[[ Data, beginning ]]
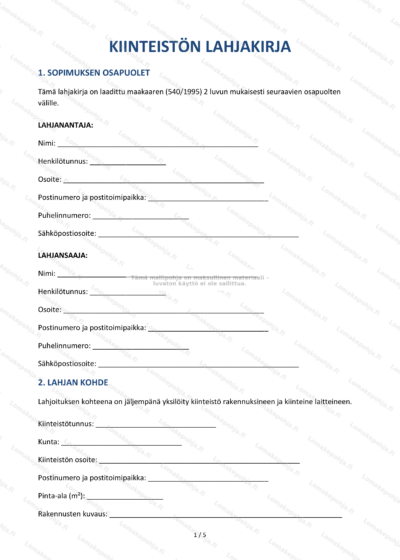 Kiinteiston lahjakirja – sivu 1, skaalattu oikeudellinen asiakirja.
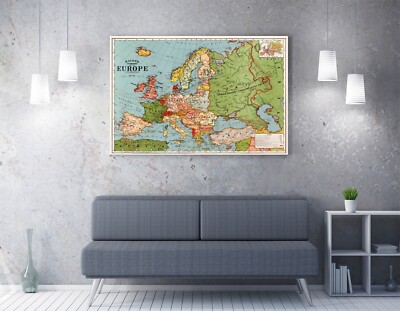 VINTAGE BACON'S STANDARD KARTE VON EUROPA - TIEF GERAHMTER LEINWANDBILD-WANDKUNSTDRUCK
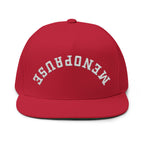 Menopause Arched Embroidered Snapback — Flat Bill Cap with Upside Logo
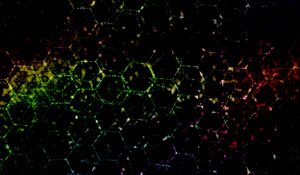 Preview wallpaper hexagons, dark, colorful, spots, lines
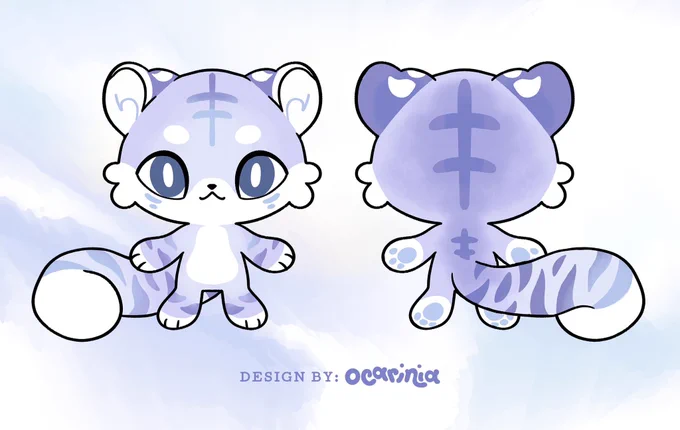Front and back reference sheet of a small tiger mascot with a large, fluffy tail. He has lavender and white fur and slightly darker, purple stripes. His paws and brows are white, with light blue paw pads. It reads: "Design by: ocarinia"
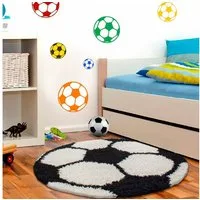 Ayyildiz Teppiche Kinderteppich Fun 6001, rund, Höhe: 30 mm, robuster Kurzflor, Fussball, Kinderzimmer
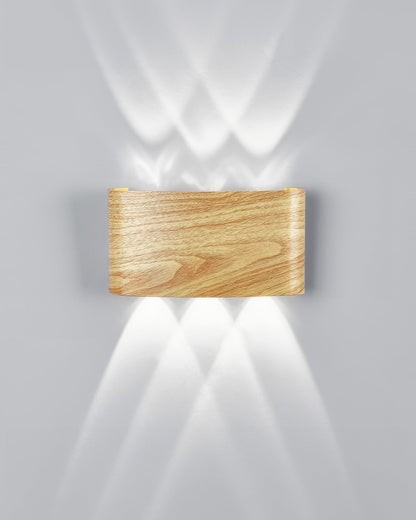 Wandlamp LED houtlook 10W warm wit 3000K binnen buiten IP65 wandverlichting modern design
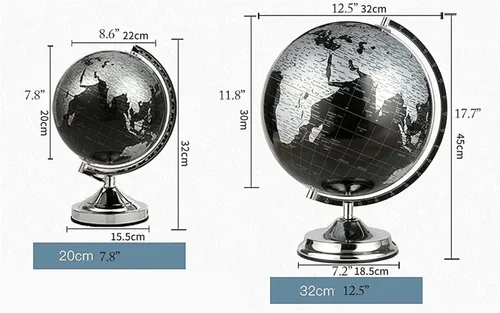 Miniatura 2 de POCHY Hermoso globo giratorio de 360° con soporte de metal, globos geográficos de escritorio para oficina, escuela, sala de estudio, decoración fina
[[ Data, end ]]
[[ Data, beginning ]]
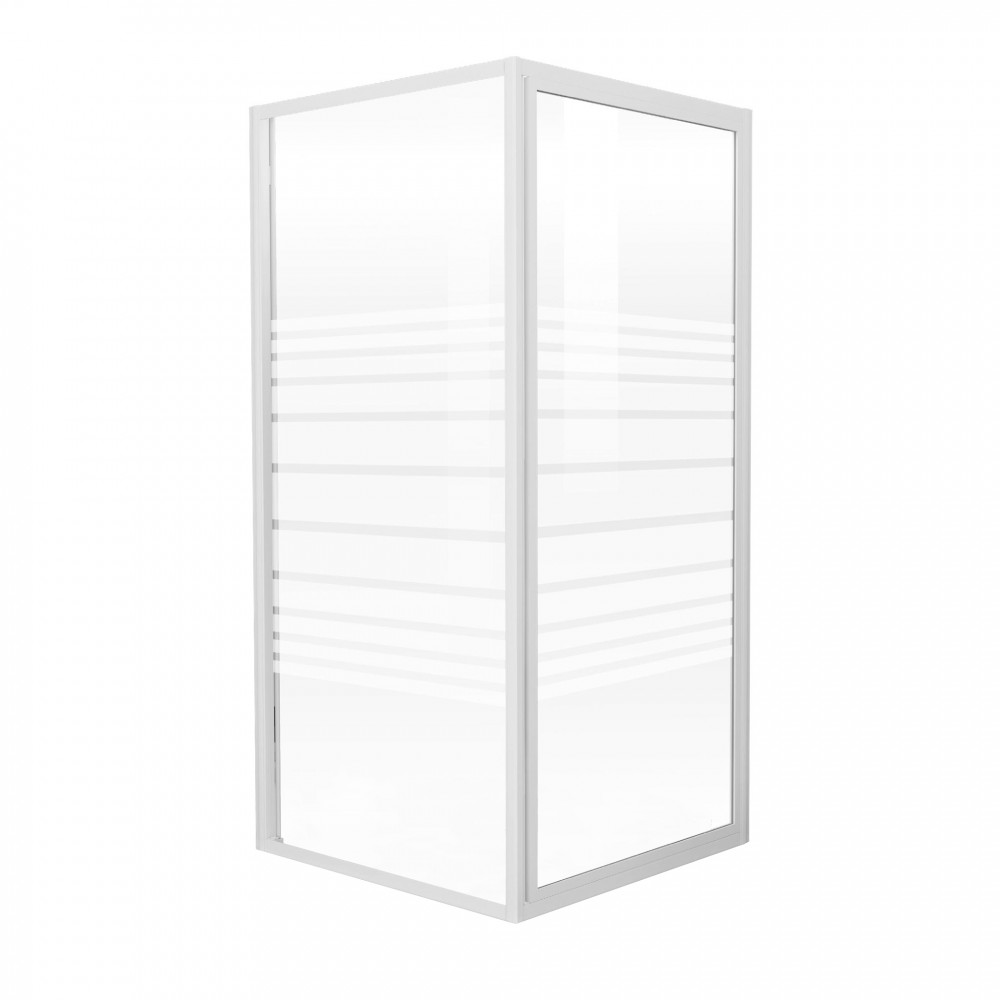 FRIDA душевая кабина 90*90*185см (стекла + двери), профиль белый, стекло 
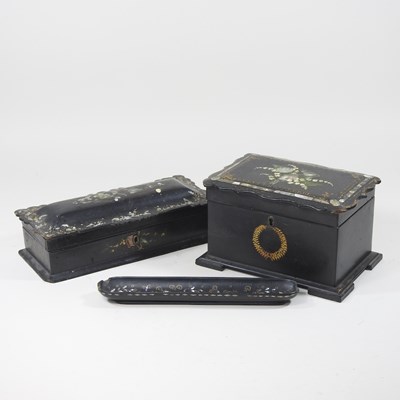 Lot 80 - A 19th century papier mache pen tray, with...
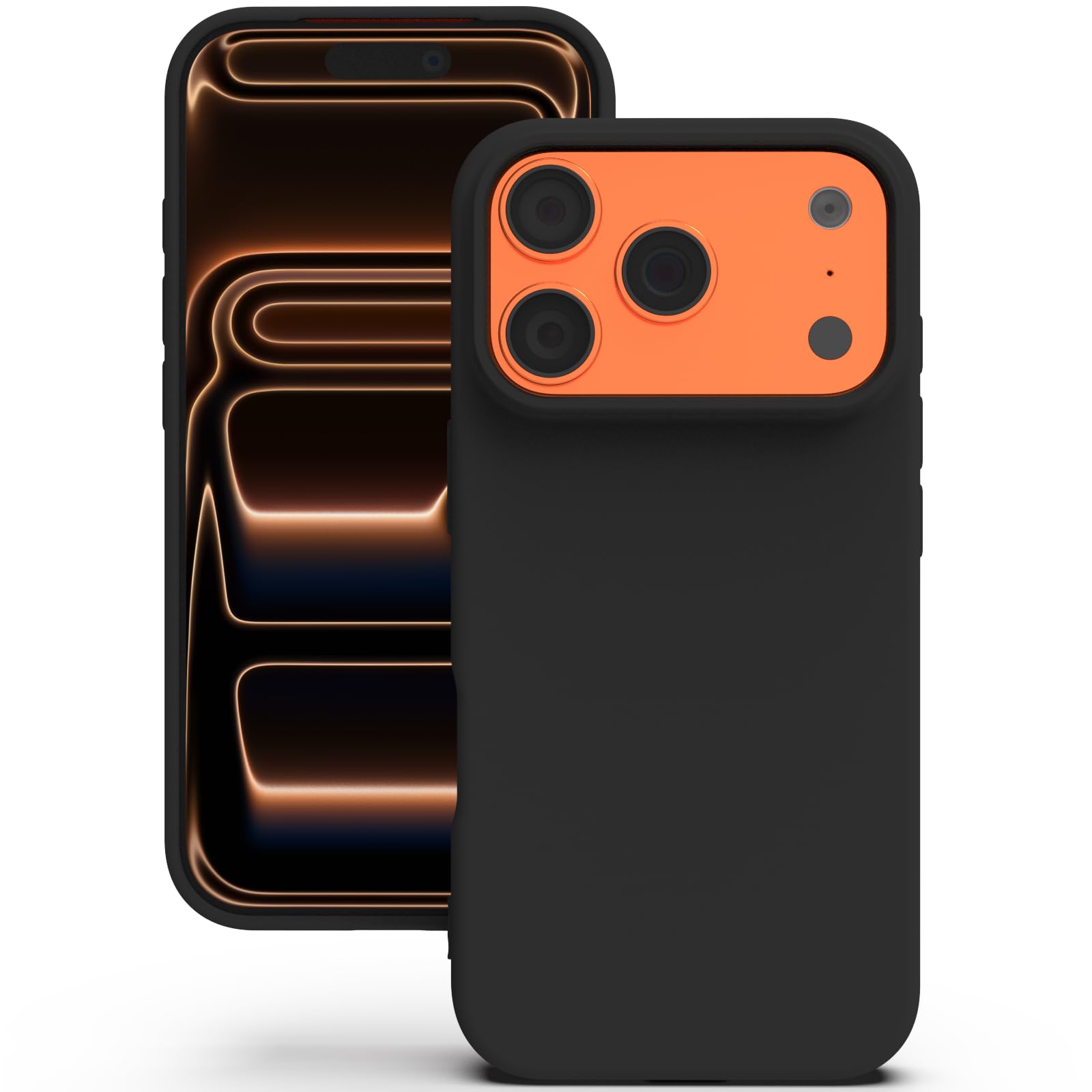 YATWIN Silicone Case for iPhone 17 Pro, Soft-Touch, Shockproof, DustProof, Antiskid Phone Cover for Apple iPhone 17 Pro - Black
[[ Data, end ]]
Once the line with "Kiinteiston lahjakirja –" has been found above, output that line and every later line exactly, stopping after the line with "Miniatura 2 de", and omit the pictures.

 Kiinteiston lahjakirja – sivu 1, skaalattu oikeudellinen asiakirja.
 VINTAGE BACON'S STANDARD KARTE VON EUROPA - TIEF GERAHMTER LEINWANDBILD-WANDKUNSTDRUCK
 Menopause Arched Embroidered Snapback — Flat Bill Cap with Upside Logo
 Preview wallpaper hexagons, dark, colorful, spots, lines
Front and back reference sheet of a small tiger mascot with a large, fluffy tail. He has lavender and white fur and slightly darker, purple stripes. His paws and brows are white, with light blue paw pads. It reads: "Design by: ocarinia"
 Ayyildiz Teppiche Kinderteppich Fun 6001, rund, Höhe: 30 mm, robuster Kurzflor, Fussball, Kinderzimmer
 Wandlamp LED houtlook 10W warm wit 3000K binnen buiten IP65 wandverlichting modern design
 Miniatura 2 de POCHY Hermoso globo giratorio de 360° con soporte de metal, globos geográficos de escritorio para oficina, escuela, sala de estudio, decoración fina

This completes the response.